**Problem description:** The pictures in the listing below are to be skipped, while the lines between the line holding "Lullaby Private Rooms Poznań Extérieur photo" and the line holding "SOLD - For sale, brick", inclusive, are to be output exactly.

**Records to use:**
━━━━━━━━━━

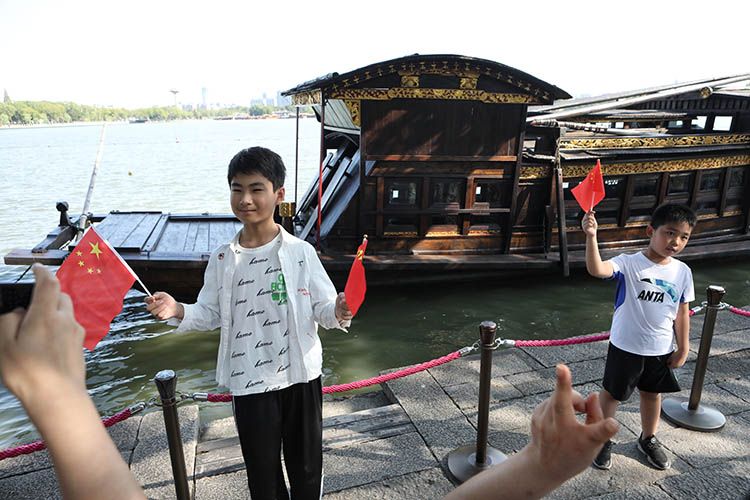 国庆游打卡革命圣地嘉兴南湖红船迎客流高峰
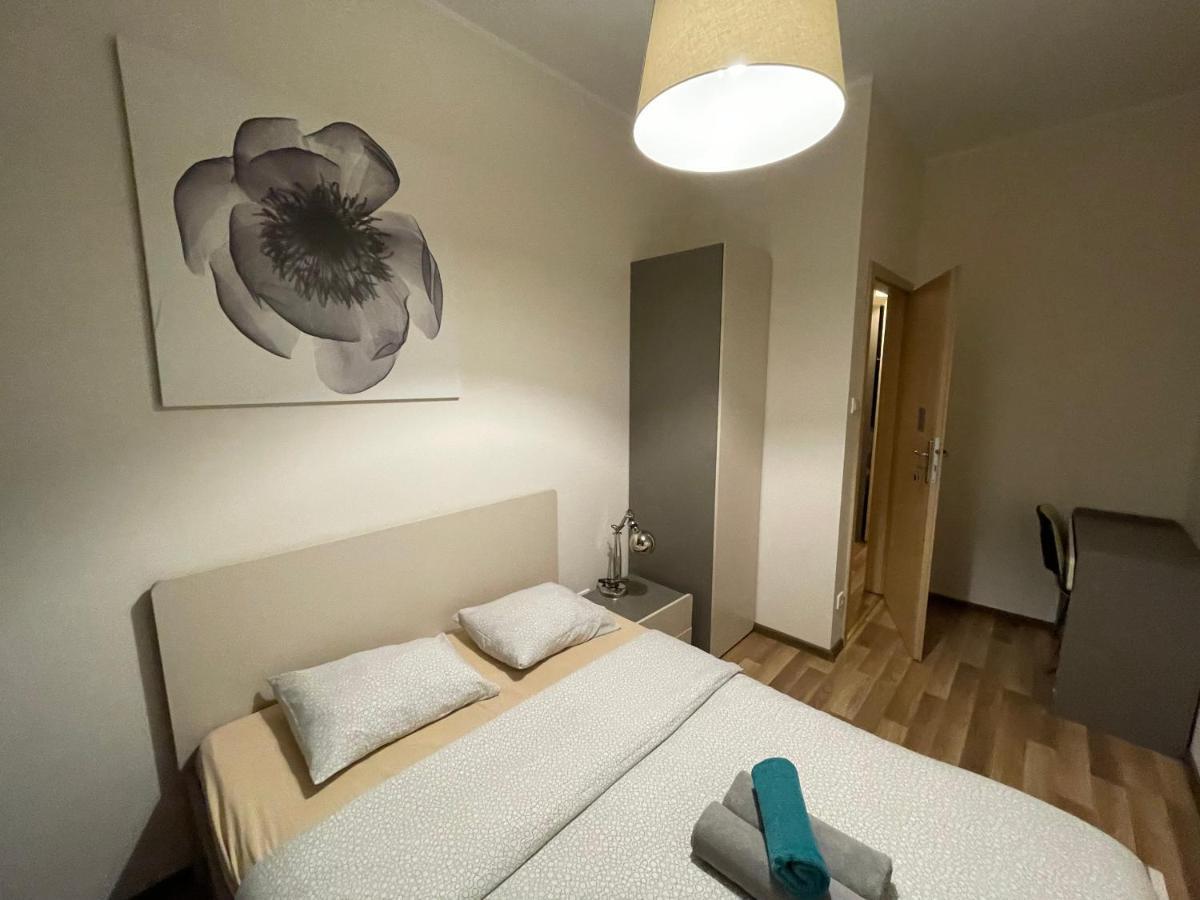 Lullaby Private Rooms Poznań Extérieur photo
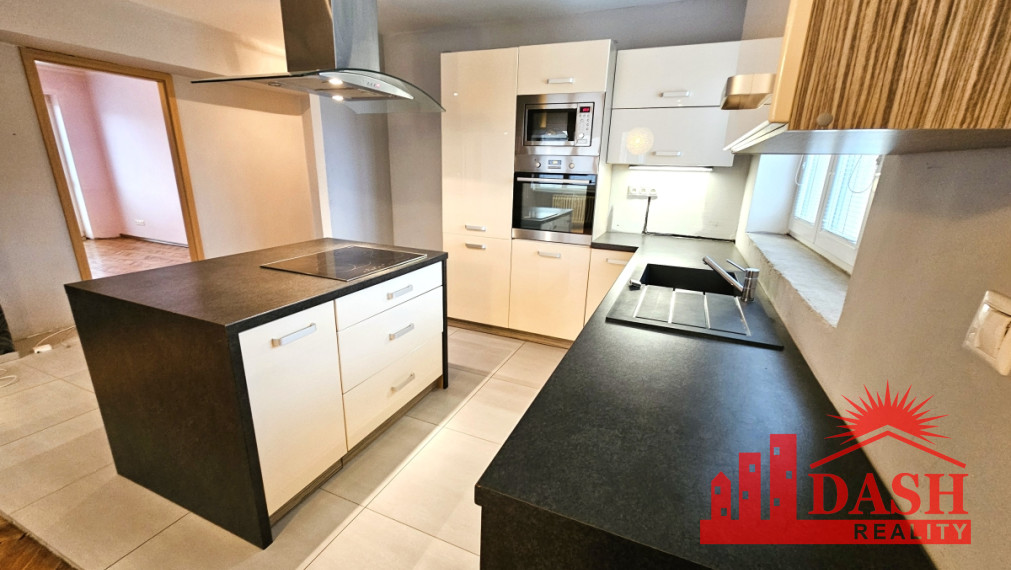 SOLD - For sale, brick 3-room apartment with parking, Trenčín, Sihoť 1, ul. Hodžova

━━━━━━━━━━

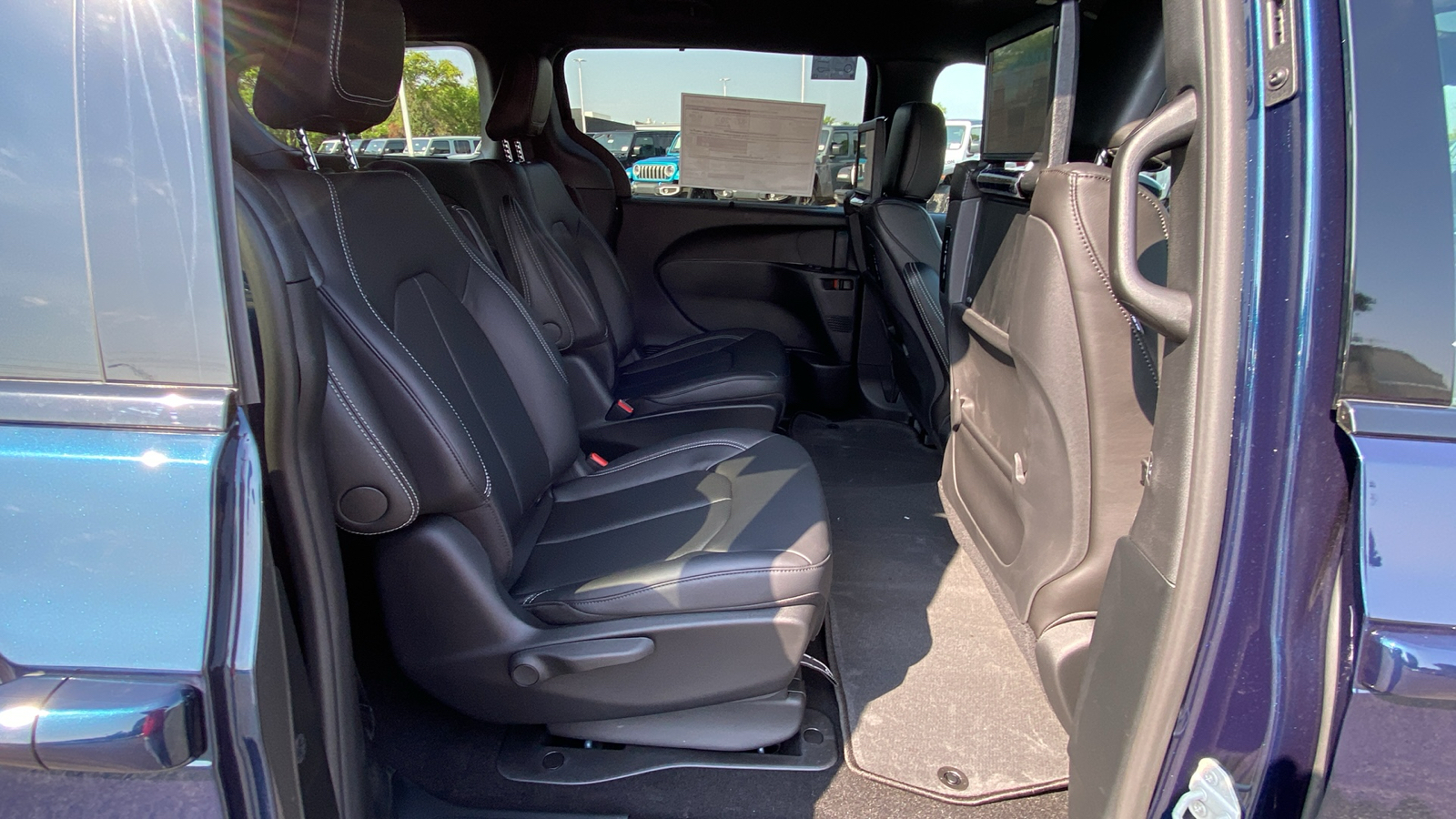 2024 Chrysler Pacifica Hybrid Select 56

━━━━━━━━━━

**Reply to the exercise:**
 Lullaby Private Rooms Poznań Extérieur photo
 SOLD - For sale, brick 3-room apartment with parking, Trenčín, Sihoť 1, ul. Hodžova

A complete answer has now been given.